Personal information
- Full name: Hugh Murray Lindsay
- Date of birth: 23 August 1938 (age 87)
- Place of birth: Ickenham, England
- Position: Inside forward

Youth career
- London University
- Wealdstone

Senior career*
- Years: Team / Apps / (Gls)
- 19??–1962: Kingstonian
- 1960–1965: Southampton / 2 / (0)
- 1962–1970: Wealdstone
- 1970–1973: Hampton

International career
- c.1960: England amateur
- 1960: Great Britain / 3 / (0)

Managerial career
- Polytechnic

= Hugh Lindsay (footballer) =

English footballer (born 1938)

Hugh Murray Lindsay (born 23 August 1938) is an English former amateur footballer who played as an inside-forward for Great Britain in the 1960 Summer Olympics held in Rome, as well as making two Football League appearances for Southampton in 1961, making him the last amateur player to play for Southampton.

==Football career==
Lindsay was born in Ickenham in west London and attended St Clement Danes Grammar School before attending the University of London and then training as a teacher.

He played his club football firstly with Wealdstone before joining Kingstonian. Whilst with Kingstonian, he continued his teacher training and after having been selected for the England amateur team, was picked for the Great Britain team for the 1960 Summer Olympics. Before the start of the Olympic tournament, he was signed by Southampton of the Football League Second Division on amateur terms in July 1960.

In the Olympics, Lindsay played in all three group stage matches in which Great Britain lost 4–3 to Brazil, drew 2–2 with hosts Italy and defeated Republic of China 3–2, finishing third in the group and were thus eliminated.

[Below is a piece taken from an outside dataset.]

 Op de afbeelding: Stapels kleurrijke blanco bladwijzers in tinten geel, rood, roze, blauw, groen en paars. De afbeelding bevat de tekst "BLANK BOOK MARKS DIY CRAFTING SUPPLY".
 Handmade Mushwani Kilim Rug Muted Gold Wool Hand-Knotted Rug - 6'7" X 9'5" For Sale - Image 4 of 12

Although Lindsay had signed with Southampton in the summer of 1960, his teaching training commitments prevented him from playing for any of the "Saints" teams on a regular basis; furthermore, on most Saturdays he was required to turn out for Kingstonian. Although manager Ted Bates tried his hardest to persuade him to sign as a professional, he preferred to concentrate on his profession as a teacher. Lindsay had made one appearance for the reserves in March 1961, when he scored against Norwich City, before Bates called him into the first team in place of the injured Tommy Mulgrew for a match against Leyton Orient on 3 April. In this match, Bates' tactics were rather unusual, playing winger Terry Paine at centre-forward; as a result the Saints' forward line looked "rather bewildered" and they were lucky to gain a 1–1 draw (with the equaliser coming from a "fluky" free-kick from Tommy Traynor), although match reports show that Lindsay had the "best shot" of the game. Lindsay retained his place for the next match, a 1–0 defeat to Stoke City before Brian Clifton took over the No. 10 shirt.

Lindsay continued to make occasional appearances for the reserves, with six appearances (four goals) in 1961–62 and three the following year, before disappearing from the league scene, although Southampton retained his Football League registration until 1965.

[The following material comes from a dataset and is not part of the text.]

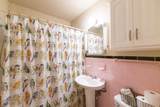606 Collins St - Photo 5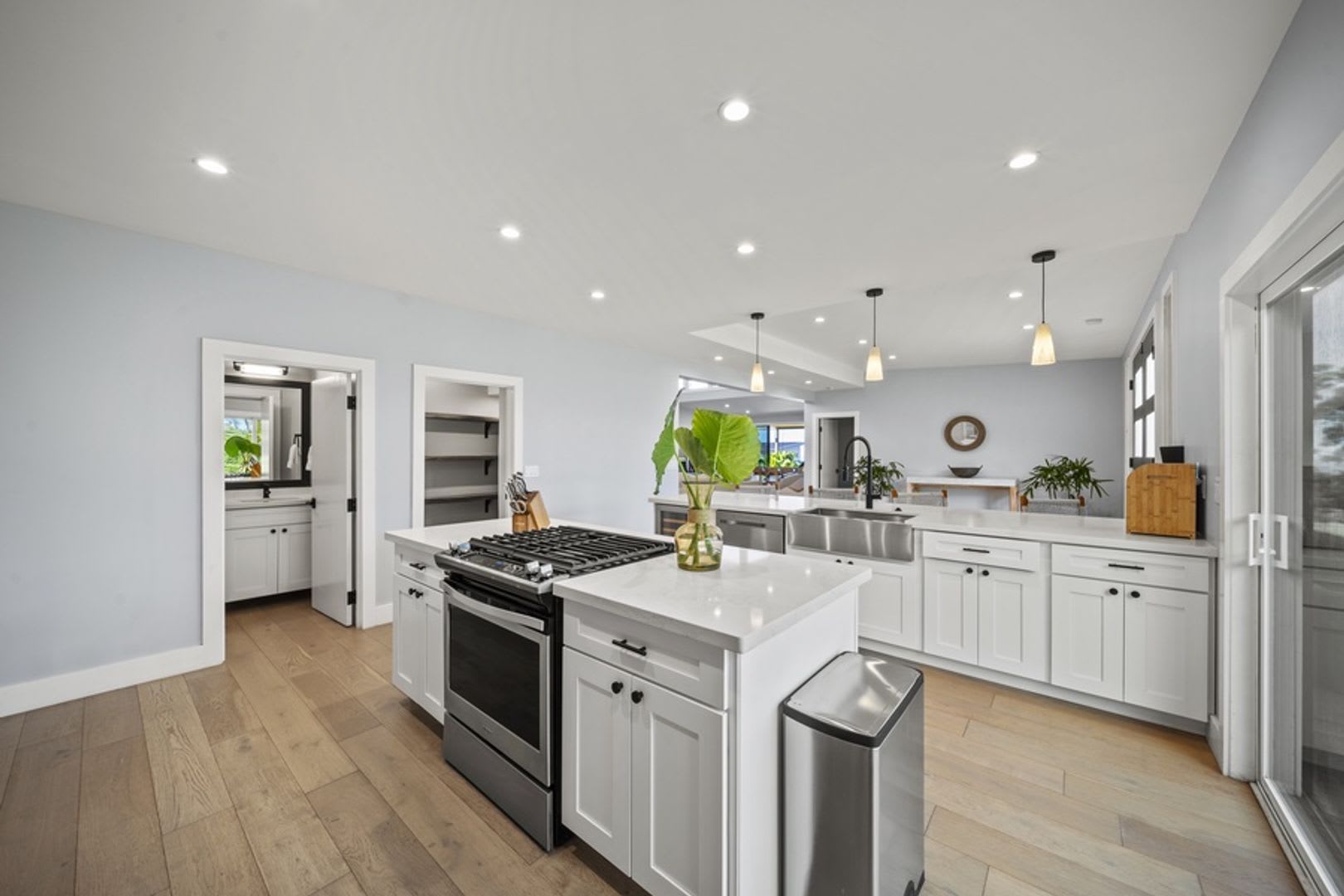 Gorgeous Remodeled Home w/ Private Hot Tube & Ocean Views: Hale Mahina – photo 3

Being an amateur, Lindsay was able to continue to play for Kingstonians, before returning to Wealdstone in 1962. He remained there for eight years, before joining Hampton in 1970.

After three years with Hampton, he returned to Kingstonian as a coach, before becoming assistant manager at Hampton. He was later the manager of Polytechnic F.C. of the Southern Amateur League.

He became a lecturer at the Richmond upon Thames College and kept fit by turning out for Lensbury veterans on Sundays.